Fortified Review (Start_Running)
FORTIFIED....but lacking some essential ingredients
Now I loves me some "Tower-Defense". Classic, Actions, FIrst-Person, Third-Person, Tactical, I love them all. So this game was an easy sell. Buuut I quickly realized that I was probably a little above the skill grade for this game. Fortified, if you hadn't figured it out, is a Third-Person Action Tower Defense Game with multiple characters, a leveling system, and a strong Co-op focus and has the added bonus of being of rocking a 1950's- 60's retro Sci-Fi aesthetic which I personally think is a criminally under-utilized design ethos. So you'd think that'd make this game a must have....you'd be wrong. Let me break it down
The setup is rather basic. Aliens are invading. Earth needs to launch rockets to destroy their mother ships, hordes of robots would rather the earth didn't and it's your job to stop them. You have 4 playable characters, each with their own specializations. and you are awarded XP for completing missions, with each level granting you points to unlock and upgrade weapons, and more loadout options as you progress.
The Good
Retro 60's Sci-Fi Aesthetic.
Four(4), distinct* player characters to choose from.
Simple Mechanics make for easy pick up and play.
Yeah, I'll admit it. The Golden-Age comic art-style and the retro 50's sci-fi look were instant likes for me. The Captain specializing in troops, The Rocket-Scientist and her explosive AOE, The Spaceman's crowd control, and the Agent's Jack-Of-All-Trades. Combined with their unique weapons, traps, and the ability to upgrade each, things can get pretty interesting. The mechanics are streamlined so that the traps are more there to assist you is blasting the invaders to scrap than to do the work for you.
The Bad
Simple mechanics limit how one deals with any given map.
Poorly designed maps.
Poorly balanced characters.
The Grind.
Dead Multi-Player
Too many useless items.
Lacking content.
Those same simplified mechanics that makes the game accessible sadly also makes things rather shallow. Open-ended problem solving is a core aspect of any good tower defense game, the ability to experiment and apply linear and lateral thought to the challenges presented keeps players coming back to try old missions with new tricks and stratagems. But in Fortified, this engagement is nigh-non-existent. There's really only 1-2 ways to approach a mission regardless of which character you choose. On paper each character gives you a new way to play but sadly they only amount to a difficulty setting. Spaceman Spiff is Easy, while Ms. Rocket Scientist is Hard.
Then there's the leveling system. Because you will need certain upgrades and gear to actually pass certain maps (especially the boss maps) you will have to go back and grind earlier missions for for XP so you can unlock the needed upgrades, and since there's very little variation in how one can approach a mission you will feel the grind.
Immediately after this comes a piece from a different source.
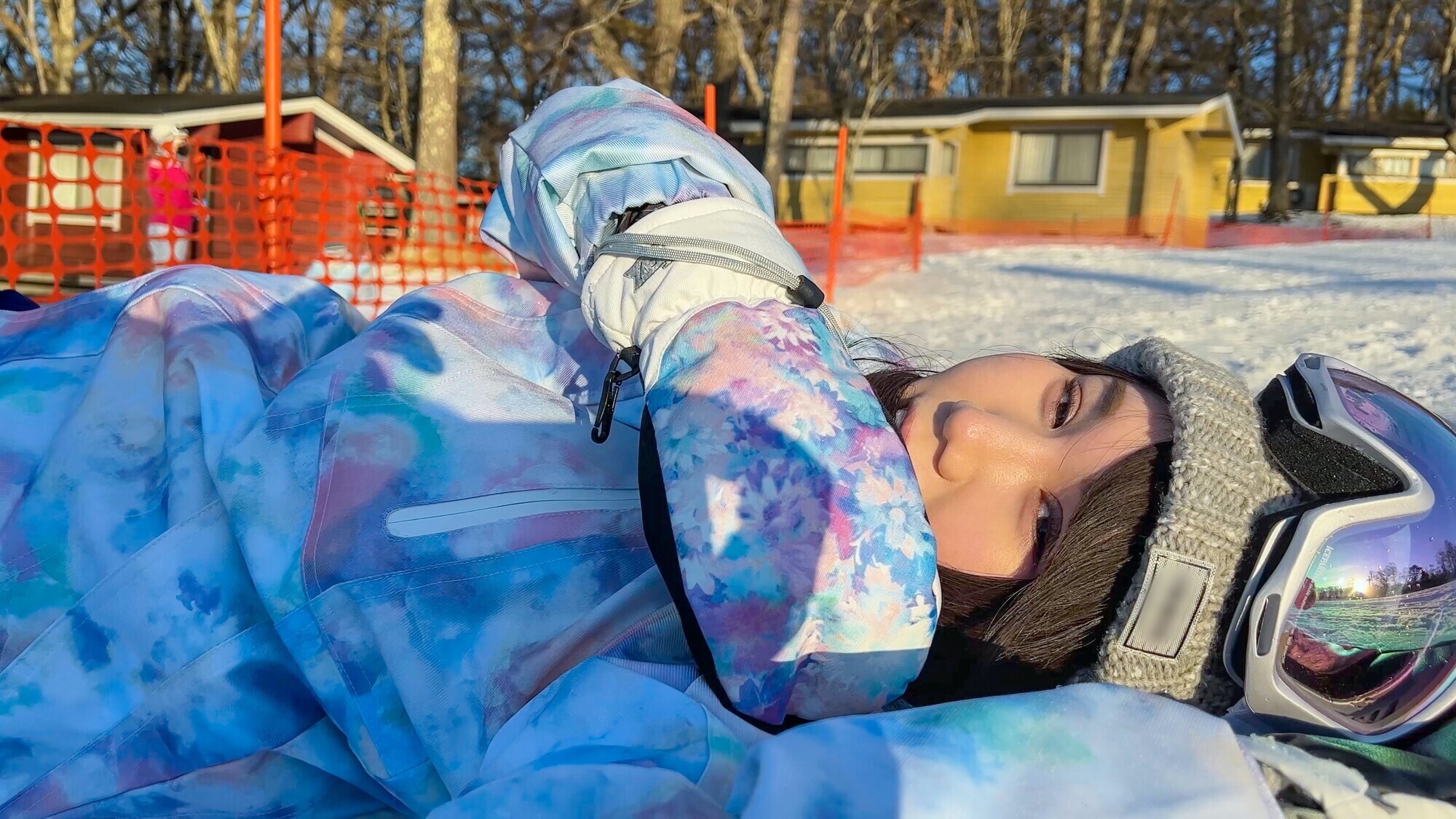 【私をスノボに連れてって】ツイ〇ャス配信女子 デカパイHcup天使(25歳)同時視聴者数、月間1位のニューカマー!スノボ配信後のホテルでオフパコ会 画像3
As for content. There are 16 maps; 12 Campaign, and 4 Invasion and let me tell you the campaign maps are depressingly small and cramped for tower-defense map. The invasion maps are even worse giving you next to no room to place any defenses even with just one player. Honestly, I almost wonder if the map makers knew they were designing for a Tower Defense which only makes the aforementioned grind worse.
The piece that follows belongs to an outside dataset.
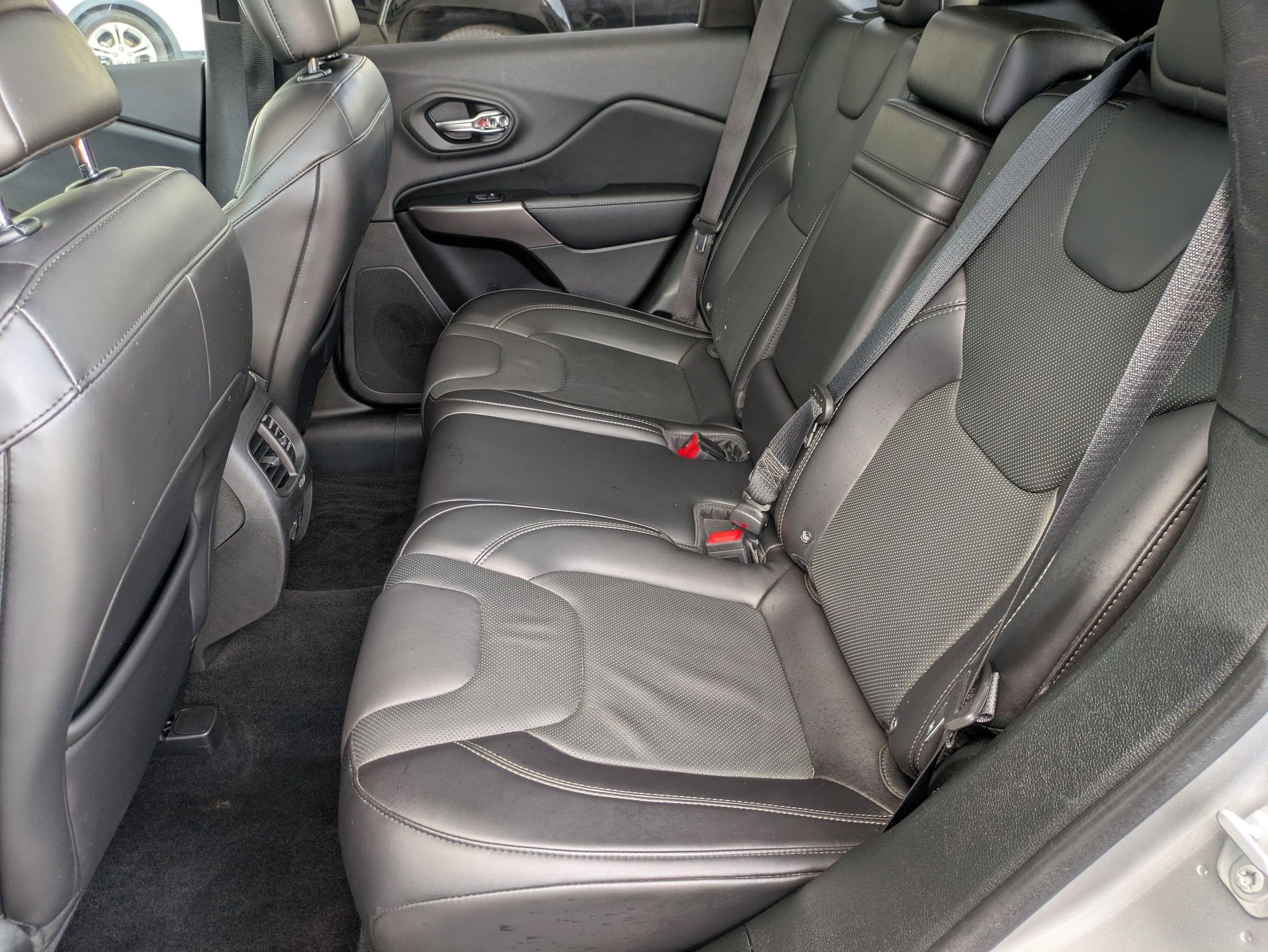 Used 2019 Jeep Cherokee Limited image 24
And the multiplayer...Good luck finding a match or getting anyone to join yours.
The Missed Opportunities
For all the work the developers put into giving creating a unique look, the setting and characters are more 2-dimensional than the comic book cutscenes. The heroes, the robots, the sparse voice lines, they all just feel a little wooden. There was a real missed opportunity here to sell the setting, but as is, there's nothing apart from the announce cutscene announcer, that says "Retro 1960's". Compared against games like "Orcs Must Die",or "Dungeon Defenders" there's just no soul to compliment the visual style.
Even something as simple as giving the shared loadout items a different look for each character would have gone a long way in making this game feel more polished.
Workshop and Mod functionality would have also gone a long way.
Conclusion
Fortified is good for what it is; a developer's first tower defense, for people who've never played tower defense. Good for Genre newbies, and at the very least an interesting aesthetic twist for veterans.
If you're already into the genre, you've already played better games, and if you're new to the genre you will likely have a fair deal of fun before the boredom kicks in. To the former I say: "The retro sci-fi aesthetic is pretty unique and it won't require much of a time investment, (unless you're a completionist)", and to the latter I offer these words, "This is the kiddie-pool of the genre -- it only gets deeper and more interesting from here.".